● Extracted material:
"""
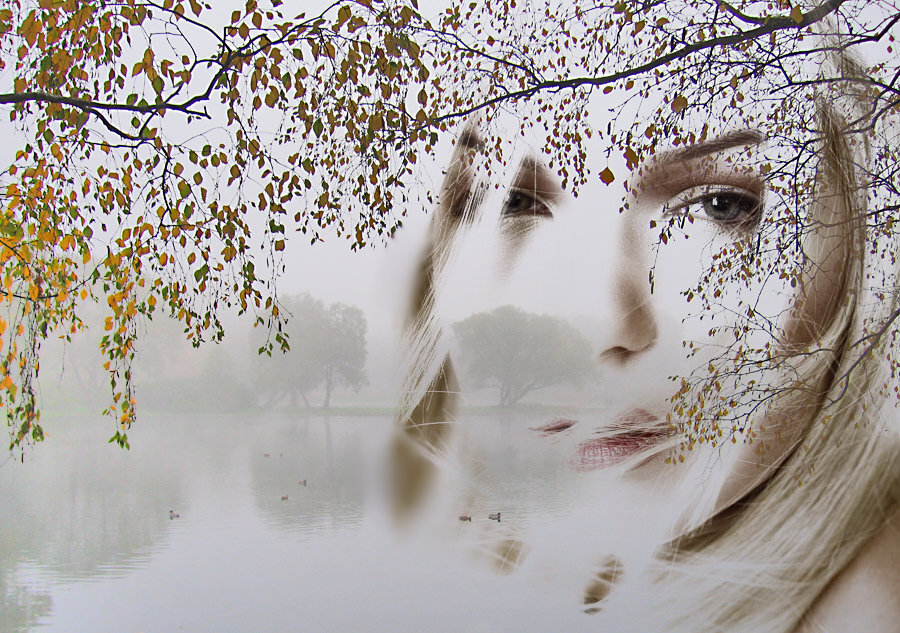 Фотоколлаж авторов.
"""
"""
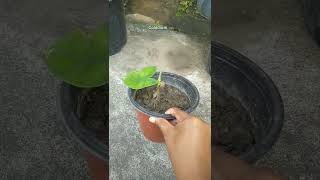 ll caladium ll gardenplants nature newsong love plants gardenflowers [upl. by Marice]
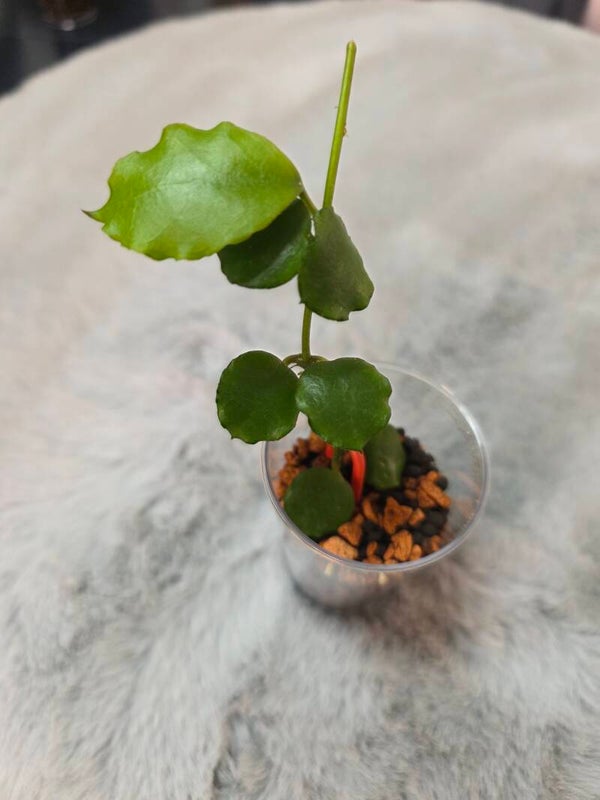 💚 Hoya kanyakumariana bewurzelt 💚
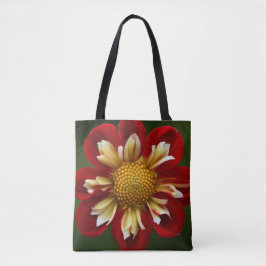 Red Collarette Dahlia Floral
"""
● Work order:
Leaving out the pictures, please output the lines in the entries above from the one with "ll caladium ll" through the one with "Red Collarette Dahlia Floral", exactly as they are.

● Result:
 ll caladium ll gardenplants nature newsong love plants gardenflowers [upl. by Marice]
 💚 Hoya kanyakumariana bewurzelt 💚
 Red Collarette Dahlia Floral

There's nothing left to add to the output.